Discrepancy between alerts and Error when connecting to API.

Posted: Tue Nov 05, 2024 11:24 am
by arthurkroth
Hi all,

I have recently Migrated my Nagios XI server from CentOS 7.9(EOL) to Ubuntu 22.04 LTS; everything has been working smoothly so far.

I have kept both servers running side by side. My CentOS is running Nagios XI 5.11.1, and my Ubuntu 22.04 LTS is running Nagios XI 2024R1.3.

I have noticed that most notifications are duplicated(which is the expected behaviour since I have messages from both servers being sent). Still, some notifications are being sent from one server but not the other. Sometimes, there is a gap of 10/15 minutes for the notifications of the same problem/warning to come through.

Is there any known difference between the versions mentioned regarding the Notification system? Or the way the service is monitored?


Another weird behaviour that I noted was sometimes on my new Nagios(Ubuntu 22.04 LTS/Nagios XI 2024R1.3), I have unknown service status as follows:

Code: Select all

  State: UNKNOWN
  Info:
  UNKNOWN: An error occurred connecting to API. (Connection error: [Errno -3] Temporary failure in name resolution)
  Date/Time: 04/11/2024 11:17:30
Could that happen because I'm running 2 Nagios servers using the same API? I am only running two servers side by side to check the functionality of the new server(Ubuntu 22.04) before decommissioning the old one(CentOS)


Thank you very much for your time :)

Arthur.

Re: Discrepancy between alerts and Error when connecting to API.

Posted: Wed Nov 06, 2024 2:42 pm
by jmichaelson
Hi Arthur,

Given that you're receiving some notifications but not others, it seems unlikely that it has to do specifically with the back end between both versions. If you wanted to take a deeper dive into that a support ticket might be the best option. (You're correct that the duplicated notifications would be expected since both instances of XI are still running).

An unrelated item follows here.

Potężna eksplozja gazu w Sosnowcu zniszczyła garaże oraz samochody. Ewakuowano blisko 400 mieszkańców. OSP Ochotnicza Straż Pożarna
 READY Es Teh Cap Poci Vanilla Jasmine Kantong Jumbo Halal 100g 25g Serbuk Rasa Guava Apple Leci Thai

I am curious about the one or the other aspect of this. Is that happening both ways? I.e., are both servers sending some notifications that the other one isn't? Or is it just one way?

As for the last weirdness, could you be a little more specific? What kind of service check is it and how is it obtaining the service status? Also, if the service check is via a name instead of an IP address, are the DNS settings identical between the two servers (both the DNS servers, search domains, and /etc/hosts)? If they are, you may want to try and recreate the host and service on the new server if its an easy matter.

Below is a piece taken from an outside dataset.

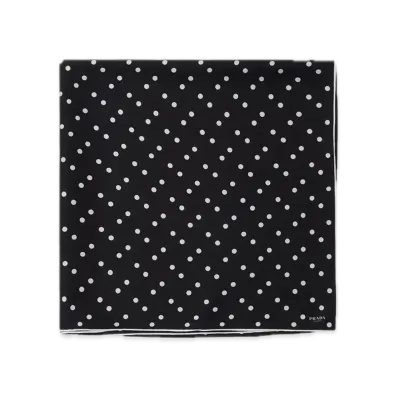 PRADA Printed Silk Twill Scarf 90 x 90 "Black/White"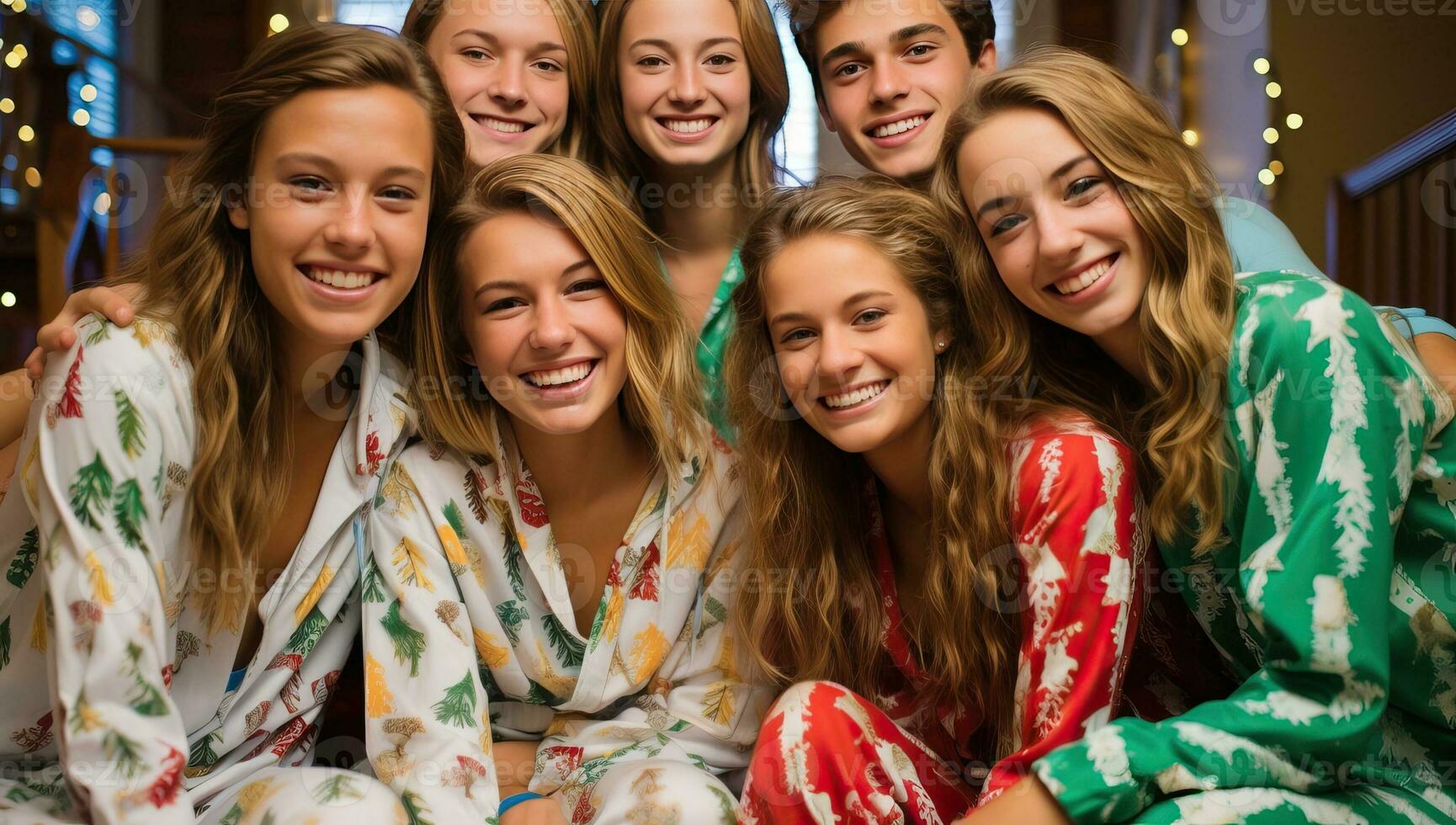 Group of friends in pajamas smiling at camera in the room. AI Generated. photo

Re: Discrepancy between alerts and Error when connecting to API.

Posted: Thu Nov 14, 2024 5:26 am
by arthurkroth
Hi Folks,

I wanted to provide an update regarding the issues I was facing.

It turns out that both problems were related. Most of the servers I monitored were running NCPA version 2.4.0, which is six versions behind the latest release, version 3.1.1. After updating NCPA on all my servers, I noticed a significant reduction in the discrepancies in notifications.

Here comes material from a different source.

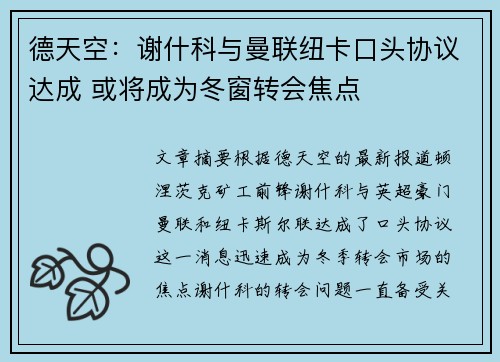 德天空：谢什科与曼联纽卡口头协议达成 或将成为冬窗转会焦点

Additionally, while monitoring my firewall, I observed a large number of dropped packets directed to an internal IP address. Upon investigation, I discovered that this IP was assigned to an old domain controller (DC). Consequently, my new Nagios server was attempting to reach that DC for DNS resolution, which failed to resolve the servers' names, leading to the errors I was encountering:

Code: Select all

  State: UNKNOWN
  Info:
  UNKNOWN: An error occurred connecting to API. [b](Connection error: [Errno -3] Temporary failure in name resolution)[/b]
  Date/Time: 04/11/2024 11:17:30
After I updated the DNS IP to the correct domain controller, the name resolution issue was resolved.

Thanks for your time :)

Arthur.

Re: Discrepancy between alerts and Error when connecting to API.

Posted: Thu Nov 14, 2024 12:15 pm
by jsimon
Thanks for the update @arthurkroth! Glad you were able to get your issue resolved.

I'll go ahead and lock this thread.